A sensitive liquid chromatography–mass spectrometric (LC/MS) method for the quantification of schizandrin in rat plasma was developed and validated after solid-phase extraction (SPE). Chromatographic separation was achieved on a reversed-phase Shimadzu C18 column with the mobile phase of acetonitrile–sodium acetate (10 μmol/L) and step gradient elution resulted in a total run time of about 11.7 min. The analytes were detected using an electrospray positive ionization mass spectrometry in the selected ion monitoring (SIM) mode.
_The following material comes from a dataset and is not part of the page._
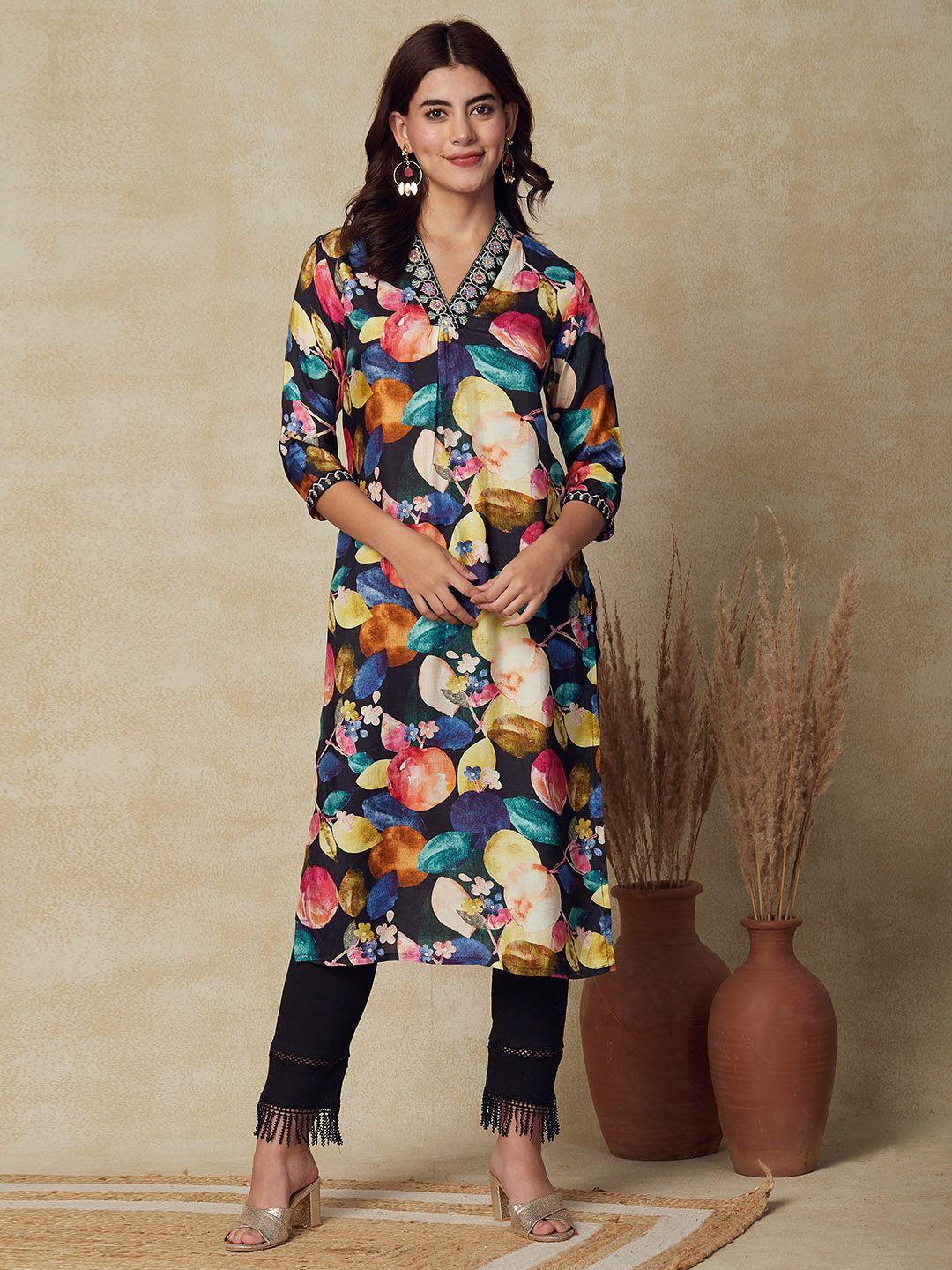 fashor navy blue floral printed thread work straight kurta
A good linear relationship was obtained in the concentration range studied (0.005–2.000 μg/mL) (r = 0.9999). Lower limit of quantification (LLOQ) was 5 ng/mL and the lower limit of detection (LLOD) was 2 ng/mL using 100 μL plasma sample. Average recoveries ranged from 75.85 to 88.51% in plasma at the concentrations of 0.005, 0.100 and 1.000 μg/mL. Intra- and inter-day relative standard deviations were 5.95–12.93% and 3.87–14.53%, respectively. This method was successfully applied for the pharmacokinetic studies in rats.